The European dimension resonated, too, with Irish public opinion by affirming much older identifications with the Continent in Irish nationalism. It differs from the nationalisms of many other EU members by being explicitly anti-imperial, whereas theirs were usually mobilised for imperial wars. That makes Irish nationalism more universalistic, an important positive aspect in an era of open globalisation from which Ireland has benefited so substantially and that has changed our own narrow introversion so profoundly.

Contrasting this with the English nationalism that drives Brexit reaffirms most Irish people’s belief that they are better off staying in the European mainstream. Those advocating Irexit have little or nothing to say about these issues, nor about how it would return this State to a British sphere of influence and dominance. The older power relationships would return, unbalanced by the wider European multilateralism that tempered it in recent decades.

Irish unity

Fintan O’Toole invoked the Irish political theorist Philip Pettit’s account of republicanism as nondomination in his recent series on Ireland’s identity confronted with Brexit. It catches precisely what is involved in these changing Irish-British relationships and deserves further application to them.
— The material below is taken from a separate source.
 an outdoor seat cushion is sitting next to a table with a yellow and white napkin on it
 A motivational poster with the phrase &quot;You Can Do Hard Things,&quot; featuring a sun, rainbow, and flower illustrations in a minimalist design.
The same applies to the values involved in the reopened political debate on Irish unity. This has been broadened beyond Sinn Féin to other parties because of the Brexit crisis. Scenarios of how it might work out put the integrity of the United Kingdom itself in question. Scotland voted to stay in the EU and must now decide whether that is a higher priority than staying in the UK, with clear implications for Northern Ireland. Even if the Scots postpone that choice, the working-out of Brexit in deteriorating economic conditions as well as more centralised rule from London over the medium term makes the British union less attractive for Northern Ireland.
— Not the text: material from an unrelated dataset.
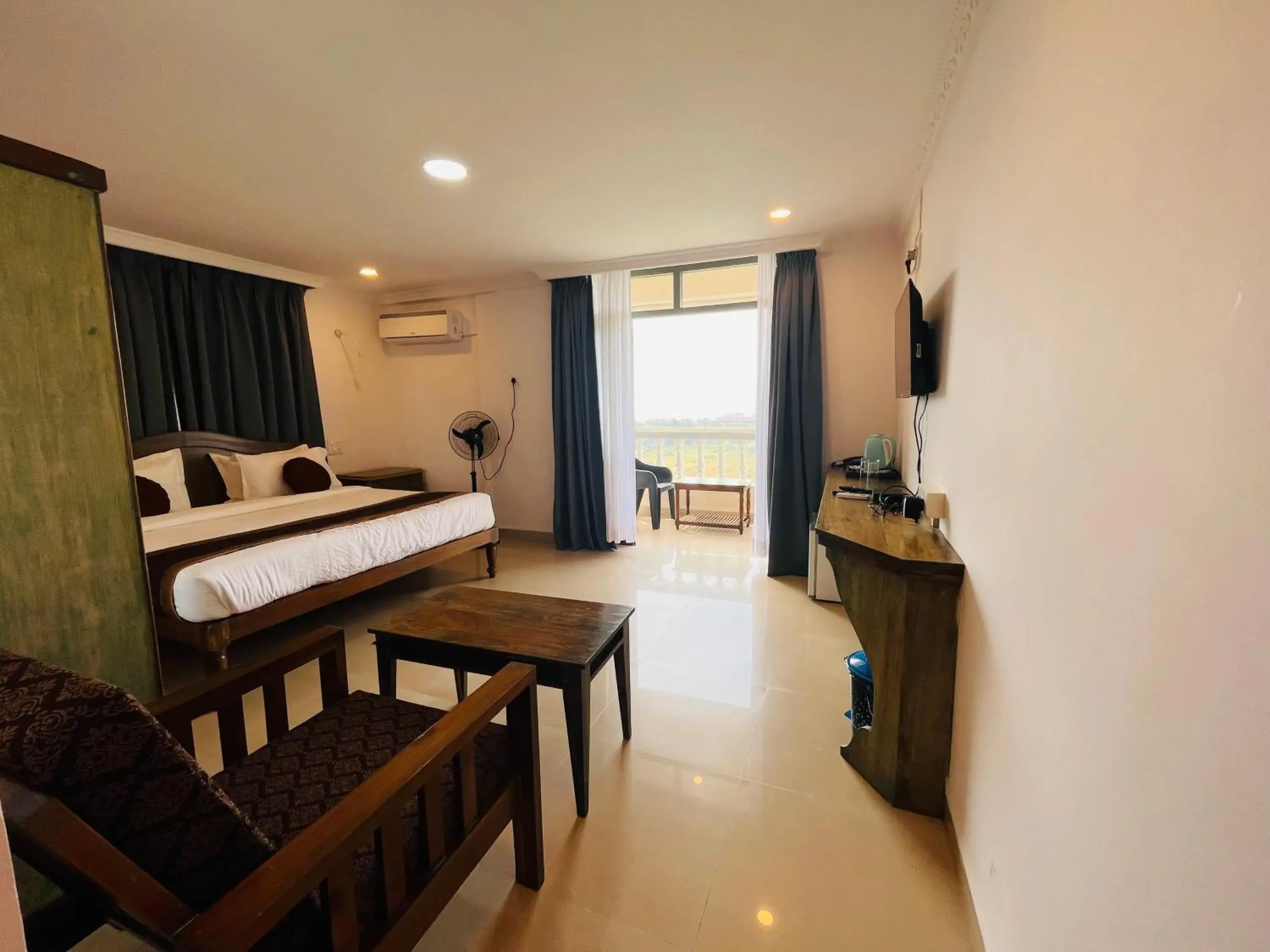 Living room, Bed in Nagas Hotel Satyavati Morjim Living room, Bed in Nagas Hotel Satyavati Morjim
Unionists who chide Irish leaders for reviving older claims on Irish unity to gain party advantage miss this dimension. Many more Irish people wonder whether a UK outside the EU can sustain its own union and see the need to deliberate the consequences for Ireland North and South. Current opinion polling on unity does not catch that concern.

If staying in the EU suits Ireland, best choices loom too on neutrality and taxation. Global geopolitical change forces a more coherent and engaged EU foreign policy, security and defence role, while economic and political change makes for more common policies and structures.

Both can be steered by Irish interests along with well-chosen allies. Neutrality and tax policy can be developed, not discarded, if leaders and publics are bold enough to renew these principles.